Radio is a medium trying to find its way in the rapidly shifting world of cyber space. Terrestrial radio has been slow to keep up with the offerings of social media-centric Internet radio platforms such as Pandora.
In his blog from a couple of years ago, consultant Mark Ramsey of Ramsey Media summed it up perfectly:
"Your radio station is to a radio network as any one of your listeners is to her network of friends, her 'social network.' And 'social media' describes the content and the pipeline for that content people choose to share with their friends. Where there's no sharing, there are no 'social' and no 'media.' Social media is not a promotional vehicle per se for your station. It is a network of relationships that live outside you-it is a set of connections you can be part of only if the participants in those relationships want you there. It is not 'you push, they consume. It's more 'you join in, and they share.'
"Do these broadcasters realize that Pandora (as only one example) knows infinitely more about each one of its 60 million consumers than the average radio station knows about any of theirs?"
I think we have made some progress with combining terrestrial radio and social media, largely with the help of a variety of social media software offerings.
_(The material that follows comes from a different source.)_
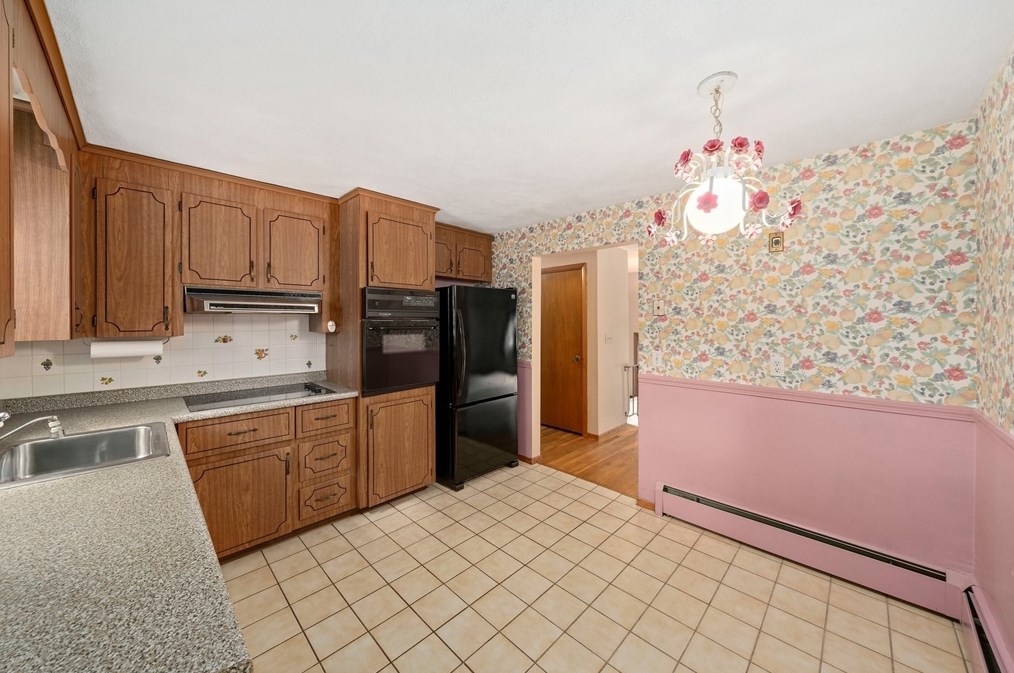 165 Lisle St, Braintree MA 02184-5024 exterior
These systems are no longer just front ends to feed popular social platforms like Facebook and Twitter. They need to integrate seamlessly with not only desktop PCs, but especially smartphones and even be capable of SMS texting to mobile phones. The capability to work with smartphones is essential going forward, as it is believed that these will ultimately replace the in-dash radio. Some stats as evidence:
■ IDC says 153.9 million smartphones sold worldwide in 2Q2012. Total 2011 sales were 491.4 million units.
■ Gartner estimate sales of smart phones in the same period at some 153.8 million. Estimated total sales across 2011 were 472 million or 31 percent of mobile communication device sales. This compares with figures for 2010 from the same company of 297 million smartphones or 19 percent of the 1.6 billion mobile phones sold that year. So year-on-year Smartphone sales rose 58 percent.
According to a recent PEW research study titled "State of the News Media 2012": "The vast majority of Americans still report listening to AM/FM radio weekly. But, as many as 40 percent of Americans now listen to audio on digital devices, and that is projected to double by 2015, while interest in traditional radio-even the HD [Radio] option - is on the decline. One of the prime arenas for digital listening was the car, once the domain of AM/FM radio."
The software should also have the ability to allow the station to monetize or develop a revenue stream through the use of specific listener habits, buying patterns, etc. and finally it should allow the station to maintain its branding across all the platforms.